The expected output is the first line of the data below and every line after it, up to and including the line containing "MONDPROPON HAPPY FAM", each reproduced exactly.
[Start of section]
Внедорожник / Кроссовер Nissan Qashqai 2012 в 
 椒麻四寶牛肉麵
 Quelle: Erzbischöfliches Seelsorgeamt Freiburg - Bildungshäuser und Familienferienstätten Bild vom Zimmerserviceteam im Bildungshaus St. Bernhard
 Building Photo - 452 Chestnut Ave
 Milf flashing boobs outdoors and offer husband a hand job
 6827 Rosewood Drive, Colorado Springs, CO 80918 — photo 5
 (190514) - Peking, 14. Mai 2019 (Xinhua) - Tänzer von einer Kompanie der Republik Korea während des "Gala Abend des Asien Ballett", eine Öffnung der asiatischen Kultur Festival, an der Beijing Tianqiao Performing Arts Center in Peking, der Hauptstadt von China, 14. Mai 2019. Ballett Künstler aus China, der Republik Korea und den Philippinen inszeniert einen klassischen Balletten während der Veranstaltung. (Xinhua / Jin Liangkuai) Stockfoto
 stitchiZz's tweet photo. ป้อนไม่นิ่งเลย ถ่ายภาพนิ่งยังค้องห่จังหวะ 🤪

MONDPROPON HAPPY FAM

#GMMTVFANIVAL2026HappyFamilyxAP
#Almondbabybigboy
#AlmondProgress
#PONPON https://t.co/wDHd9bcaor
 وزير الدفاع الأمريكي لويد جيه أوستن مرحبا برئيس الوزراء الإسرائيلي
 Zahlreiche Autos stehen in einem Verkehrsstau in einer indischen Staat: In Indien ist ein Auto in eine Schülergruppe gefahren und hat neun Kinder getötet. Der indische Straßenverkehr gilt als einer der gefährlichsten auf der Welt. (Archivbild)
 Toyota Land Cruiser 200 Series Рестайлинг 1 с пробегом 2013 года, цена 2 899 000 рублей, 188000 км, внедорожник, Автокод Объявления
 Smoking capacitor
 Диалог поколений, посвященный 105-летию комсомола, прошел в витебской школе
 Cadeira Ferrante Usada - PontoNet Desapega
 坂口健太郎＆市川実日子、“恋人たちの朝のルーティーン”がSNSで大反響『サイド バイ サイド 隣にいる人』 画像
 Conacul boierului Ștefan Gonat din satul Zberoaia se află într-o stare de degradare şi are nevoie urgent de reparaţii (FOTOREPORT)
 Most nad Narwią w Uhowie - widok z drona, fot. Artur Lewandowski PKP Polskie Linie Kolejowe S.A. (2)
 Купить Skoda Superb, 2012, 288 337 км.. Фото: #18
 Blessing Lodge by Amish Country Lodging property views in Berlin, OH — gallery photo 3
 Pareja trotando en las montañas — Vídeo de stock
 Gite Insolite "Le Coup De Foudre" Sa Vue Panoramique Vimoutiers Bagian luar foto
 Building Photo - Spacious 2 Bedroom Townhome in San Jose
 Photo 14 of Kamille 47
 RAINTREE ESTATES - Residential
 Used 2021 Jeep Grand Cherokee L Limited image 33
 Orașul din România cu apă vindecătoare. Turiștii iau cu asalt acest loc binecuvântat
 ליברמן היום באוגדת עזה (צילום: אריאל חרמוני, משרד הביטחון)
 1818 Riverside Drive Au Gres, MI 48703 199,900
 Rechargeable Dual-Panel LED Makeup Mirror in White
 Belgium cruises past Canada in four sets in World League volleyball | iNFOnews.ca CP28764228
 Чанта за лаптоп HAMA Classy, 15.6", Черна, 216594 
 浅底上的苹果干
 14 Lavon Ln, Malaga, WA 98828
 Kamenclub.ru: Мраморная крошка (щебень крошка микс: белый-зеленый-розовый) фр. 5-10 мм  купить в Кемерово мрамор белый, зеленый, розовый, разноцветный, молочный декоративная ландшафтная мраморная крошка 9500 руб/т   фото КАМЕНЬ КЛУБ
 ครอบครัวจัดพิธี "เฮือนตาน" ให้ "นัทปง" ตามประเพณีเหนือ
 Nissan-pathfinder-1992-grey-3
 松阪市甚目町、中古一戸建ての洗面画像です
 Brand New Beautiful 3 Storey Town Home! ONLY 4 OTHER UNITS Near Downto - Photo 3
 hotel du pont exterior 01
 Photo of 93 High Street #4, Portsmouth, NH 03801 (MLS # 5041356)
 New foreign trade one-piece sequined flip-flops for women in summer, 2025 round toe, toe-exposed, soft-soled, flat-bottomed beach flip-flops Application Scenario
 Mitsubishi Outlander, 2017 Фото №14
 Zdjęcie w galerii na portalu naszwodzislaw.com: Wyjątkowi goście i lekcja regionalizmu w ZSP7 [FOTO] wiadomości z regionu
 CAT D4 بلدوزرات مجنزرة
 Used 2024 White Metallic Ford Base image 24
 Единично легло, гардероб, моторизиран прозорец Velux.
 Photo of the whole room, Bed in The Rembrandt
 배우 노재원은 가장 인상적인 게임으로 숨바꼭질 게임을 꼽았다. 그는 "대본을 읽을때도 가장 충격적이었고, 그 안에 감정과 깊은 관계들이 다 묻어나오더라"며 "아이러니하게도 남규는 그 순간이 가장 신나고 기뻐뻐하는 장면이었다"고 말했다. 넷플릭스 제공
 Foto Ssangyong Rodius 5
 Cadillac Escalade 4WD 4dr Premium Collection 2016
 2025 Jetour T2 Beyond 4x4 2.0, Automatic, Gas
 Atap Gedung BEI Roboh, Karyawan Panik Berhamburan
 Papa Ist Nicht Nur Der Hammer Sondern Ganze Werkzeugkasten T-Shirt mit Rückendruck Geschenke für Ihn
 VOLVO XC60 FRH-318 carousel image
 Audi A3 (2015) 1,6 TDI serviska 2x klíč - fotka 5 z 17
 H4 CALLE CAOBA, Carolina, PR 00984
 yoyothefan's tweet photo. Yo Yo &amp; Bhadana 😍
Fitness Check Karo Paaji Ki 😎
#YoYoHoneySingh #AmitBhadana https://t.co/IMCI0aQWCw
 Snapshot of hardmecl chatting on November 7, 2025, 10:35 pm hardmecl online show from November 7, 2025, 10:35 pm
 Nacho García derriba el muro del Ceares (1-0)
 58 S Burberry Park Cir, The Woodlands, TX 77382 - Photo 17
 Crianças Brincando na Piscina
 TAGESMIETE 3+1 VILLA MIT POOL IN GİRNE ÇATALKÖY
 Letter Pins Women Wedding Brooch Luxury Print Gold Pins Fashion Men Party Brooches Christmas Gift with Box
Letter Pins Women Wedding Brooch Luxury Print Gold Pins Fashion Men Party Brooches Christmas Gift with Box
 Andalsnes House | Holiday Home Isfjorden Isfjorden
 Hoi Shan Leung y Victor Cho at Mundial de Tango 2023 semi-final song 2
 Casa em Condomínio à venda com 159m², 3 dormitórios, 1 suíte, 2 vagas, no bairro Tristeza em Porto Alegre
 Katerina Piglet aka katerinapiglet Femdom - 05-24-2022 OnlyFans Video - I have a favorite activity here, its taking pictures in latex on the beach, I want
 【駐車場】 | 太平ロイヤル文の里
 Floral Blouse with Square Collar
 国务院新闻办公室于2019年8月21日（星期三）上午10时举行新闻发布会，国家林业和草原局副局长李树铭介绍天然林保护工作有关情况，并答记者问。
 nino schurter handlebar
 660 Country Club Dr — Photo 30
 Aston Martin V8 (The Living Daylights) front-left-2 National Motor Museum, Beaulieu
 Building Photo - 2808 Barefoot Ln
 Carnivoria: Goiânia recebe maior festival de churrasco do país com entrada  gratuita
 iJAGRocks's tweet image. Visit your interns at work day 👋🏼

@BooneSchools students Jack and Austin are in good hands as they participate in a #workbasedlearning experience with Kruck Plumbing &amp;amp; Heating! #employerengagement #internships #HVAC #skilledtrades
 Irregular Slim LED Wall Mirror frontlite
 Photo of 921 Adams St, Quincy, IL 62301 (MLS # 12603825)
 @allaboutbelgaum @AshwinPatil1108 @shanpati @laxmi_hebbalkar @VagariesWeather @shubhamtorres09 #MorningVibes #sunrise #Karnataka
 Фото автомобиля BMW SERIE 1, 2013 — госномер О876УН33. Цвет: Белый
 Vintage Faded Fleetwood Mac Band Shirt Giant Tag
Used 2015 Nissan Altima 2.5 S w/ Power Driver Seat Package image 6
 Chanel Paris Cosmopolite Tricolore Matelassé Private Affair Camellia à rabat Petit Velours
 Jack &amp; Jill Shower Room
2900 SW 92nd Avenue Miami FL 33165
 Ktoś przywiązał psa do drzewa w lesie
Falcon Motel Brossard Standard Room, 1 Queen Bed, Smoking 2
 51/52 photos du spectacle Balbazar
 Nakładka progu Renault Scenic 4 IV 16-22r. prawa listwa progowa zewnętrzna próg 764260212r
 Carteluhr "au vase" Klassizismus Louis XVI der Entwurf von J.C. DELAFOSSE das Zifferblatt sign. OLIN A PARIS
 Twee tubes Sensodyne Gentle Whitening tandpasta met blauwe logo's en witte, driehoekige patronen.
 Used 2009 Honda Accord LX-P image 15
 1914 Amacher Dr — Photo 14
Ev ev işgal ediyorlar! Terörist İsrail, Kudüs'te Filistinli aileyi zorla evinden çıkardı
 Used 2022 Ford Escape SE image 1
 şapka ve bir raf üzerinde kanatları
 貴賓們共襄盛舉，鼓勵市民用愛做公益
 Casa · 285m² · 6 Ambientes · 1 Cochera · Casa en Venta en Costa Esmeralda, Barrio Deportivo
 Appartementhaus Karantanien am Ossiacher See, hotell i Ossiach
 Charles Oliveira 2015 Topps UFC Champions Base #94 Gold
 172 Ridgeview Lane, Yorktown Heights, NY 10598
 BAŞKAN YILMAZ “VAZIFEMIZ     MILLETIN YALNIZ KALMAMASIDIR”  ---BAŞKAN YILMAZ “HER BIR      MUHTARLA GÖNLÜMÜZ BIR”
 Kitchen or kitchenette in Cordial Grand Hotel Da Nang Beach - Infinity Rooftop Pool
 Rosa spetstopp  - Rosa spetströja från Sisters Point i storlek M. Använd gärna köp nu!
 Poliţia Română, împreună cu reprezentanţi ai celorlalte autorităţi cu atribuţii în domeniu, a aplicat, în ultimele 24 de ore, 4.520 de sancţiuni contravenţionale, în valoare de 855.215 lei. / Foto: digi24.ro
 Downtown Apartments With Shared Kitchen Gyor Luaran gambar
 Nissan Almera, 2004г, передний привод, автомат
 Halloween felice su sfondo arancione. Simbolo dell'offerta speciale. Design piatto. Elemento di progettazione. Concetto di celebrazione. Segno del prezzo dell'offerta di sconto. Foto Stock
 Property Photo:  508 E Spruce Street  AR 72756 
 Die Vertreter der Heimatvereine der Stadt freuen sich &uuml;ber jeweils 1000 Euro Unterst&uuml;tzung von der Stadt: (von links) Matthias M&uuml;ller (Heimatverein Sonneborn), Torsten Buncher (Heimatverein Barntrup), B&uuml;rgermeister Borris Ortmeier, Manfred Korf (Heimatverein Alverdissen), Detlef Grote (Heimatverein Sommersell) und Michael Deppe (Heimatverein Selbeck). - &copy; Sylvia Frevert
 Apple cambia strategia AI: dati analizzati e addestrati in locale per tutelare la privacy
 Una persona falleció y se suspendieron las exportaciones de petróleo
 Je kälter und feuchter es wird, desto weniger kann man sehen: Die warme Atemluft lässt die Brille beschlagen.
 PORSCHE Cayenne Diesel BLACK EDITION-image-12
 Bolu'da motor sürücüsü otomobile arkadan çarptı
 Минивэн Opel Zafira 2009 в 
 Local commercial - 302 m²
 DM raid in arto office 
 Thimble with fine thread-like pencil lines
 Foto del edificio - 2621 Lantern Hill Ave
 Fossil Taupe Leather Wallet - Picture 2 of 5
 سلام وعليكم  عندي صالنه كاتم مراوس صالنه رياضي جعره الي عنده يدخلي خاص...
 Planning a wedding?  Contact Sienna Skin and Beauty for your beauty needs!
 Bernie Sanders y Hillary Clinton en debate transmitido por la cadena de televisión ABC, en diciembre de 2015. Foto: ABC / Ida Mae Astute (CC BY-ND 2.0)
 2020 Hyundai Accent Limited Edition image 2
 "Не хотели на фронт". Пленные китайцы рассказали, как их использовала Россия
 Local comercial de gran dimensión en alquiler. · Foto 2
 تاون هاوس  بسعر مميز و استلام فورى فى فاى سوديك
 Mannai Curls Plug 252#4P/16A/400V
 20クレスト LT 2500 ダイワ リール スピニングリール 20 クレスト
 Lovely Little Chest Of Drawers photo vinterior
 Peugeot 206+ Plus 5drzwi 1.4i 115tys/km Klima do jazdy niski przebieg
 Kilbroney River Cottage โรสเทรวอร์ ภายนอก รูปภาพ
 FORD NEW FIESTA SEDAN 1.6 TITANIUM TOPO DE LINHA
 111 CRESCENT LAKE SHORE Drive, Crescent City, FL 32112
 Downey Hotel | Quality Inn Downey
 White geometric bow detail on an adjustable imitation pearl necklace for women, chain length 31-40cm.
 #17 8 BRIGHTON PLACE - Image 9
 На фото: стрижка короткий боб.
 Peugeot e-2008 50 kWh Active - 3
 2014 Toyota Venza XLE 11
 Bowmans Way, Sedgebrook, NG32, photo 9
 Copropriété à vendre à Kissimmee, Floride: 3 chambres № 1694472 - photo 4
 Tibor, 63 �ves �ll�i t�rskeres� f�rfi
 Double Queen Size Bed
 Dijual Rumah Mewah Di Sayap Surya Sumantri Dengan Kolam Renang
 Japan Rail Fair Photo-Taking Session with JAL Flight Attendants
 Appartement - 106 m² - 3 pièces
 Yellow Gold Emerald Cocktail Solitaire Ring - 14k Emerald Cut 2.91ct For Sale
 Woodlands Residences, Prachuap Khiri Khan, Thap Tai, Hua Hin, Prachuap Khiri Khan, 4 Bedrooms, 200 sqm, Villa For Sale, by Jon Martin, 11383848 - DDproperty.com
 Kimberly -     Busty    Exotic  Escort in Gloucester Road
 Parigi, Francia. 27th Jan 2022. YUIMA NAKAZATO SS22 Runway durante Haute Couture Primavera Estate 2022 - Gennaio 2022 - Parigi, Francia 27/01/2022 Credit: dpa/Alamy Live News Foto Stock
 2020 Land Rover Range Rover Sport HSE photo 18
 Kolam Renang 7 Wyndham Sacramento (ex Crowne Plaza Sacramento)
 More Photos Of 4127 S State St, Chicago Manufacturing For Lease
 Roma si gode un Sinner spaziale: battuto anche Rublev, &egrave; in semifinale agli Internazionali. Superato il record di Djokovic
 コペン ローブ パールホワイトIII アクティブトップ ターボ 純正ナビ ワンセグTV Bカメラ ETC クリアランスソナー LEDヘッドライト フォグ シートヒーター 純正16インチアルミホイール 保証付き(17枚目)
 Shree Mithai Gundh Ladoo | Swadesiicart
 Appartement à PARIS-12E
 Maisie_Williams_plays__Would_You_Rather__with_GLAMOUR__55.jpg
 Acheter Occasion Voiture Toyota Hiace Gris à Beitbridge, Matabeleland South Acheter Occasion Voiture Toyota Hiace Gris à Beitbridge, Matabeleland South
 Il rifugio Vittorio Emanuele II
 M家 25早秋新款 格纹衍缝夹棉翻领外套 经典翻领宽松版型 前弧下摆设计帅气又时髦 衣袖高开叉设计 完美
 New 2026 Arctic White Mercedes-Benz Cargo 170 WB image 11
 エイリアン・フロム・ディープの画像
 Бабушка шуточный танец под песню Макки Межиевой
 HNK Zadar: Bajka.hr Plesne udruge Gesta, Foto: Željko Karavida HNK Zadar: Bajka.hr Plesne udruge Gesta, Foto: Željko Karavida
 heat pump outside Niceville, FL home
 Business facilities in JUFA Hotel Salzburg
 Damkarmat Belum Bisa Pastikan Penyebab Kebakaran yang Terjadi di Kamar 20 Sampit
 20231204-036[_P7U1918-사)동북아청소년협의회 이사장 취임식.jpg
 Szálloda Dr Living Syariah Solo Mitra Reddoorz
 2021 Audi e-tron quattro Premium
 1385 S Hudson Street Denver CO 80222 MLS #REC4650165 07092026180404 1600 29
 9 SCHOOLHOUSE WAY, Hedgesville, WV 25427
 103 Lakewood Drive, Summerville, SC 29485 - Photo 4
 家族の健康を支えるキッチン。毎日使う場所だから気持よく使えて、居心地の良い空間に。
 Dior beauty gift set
[End of section]
TASK RESULT:
Внедорожник / Кроссовер Nissan Qashqai 2012 в 
 椒麻四寶牛肉麵
 Quelle: Erzbischöfliches Seelsorgeamt Freiburg - Bildungshäuser und Familienferienstätten Bild vom Zimmerserviceteam im Bildungshaus St. Bernhard
 Building Photo - 452 Chestnut Ave
 Milf flashing boobs outdoors and offer husband a hand job
 6827 Rosewood Drive, Colorado Springs, CO 80918 — photo 5
 (190514) - Peking, 14. Mai 2019 (Xinhua) - Tänzer von einer Kompanie der Republik Korea während des "Gala Abend des Asien Ballett", eine Öffnung der asiatischen Kultur Festival, an der Beijing Tianqiao Performing Arts Center in Peking, der Hauptstadt von China, 14. Mai 2019. Ballett Künstler aus China, der Republik Korea und den Philippinen inszeniert einen klassischen Balletten während der Veranstaltung. (Xinhua / Jin Liangkuai) Stockfoto
 stitchiZz's tweet photo. ป้อนไม่นิ่งเลย ถ่ายภาพนิ่งยังค้องห่จังหวะ 🤪

MONDPROPON HAPPY FAM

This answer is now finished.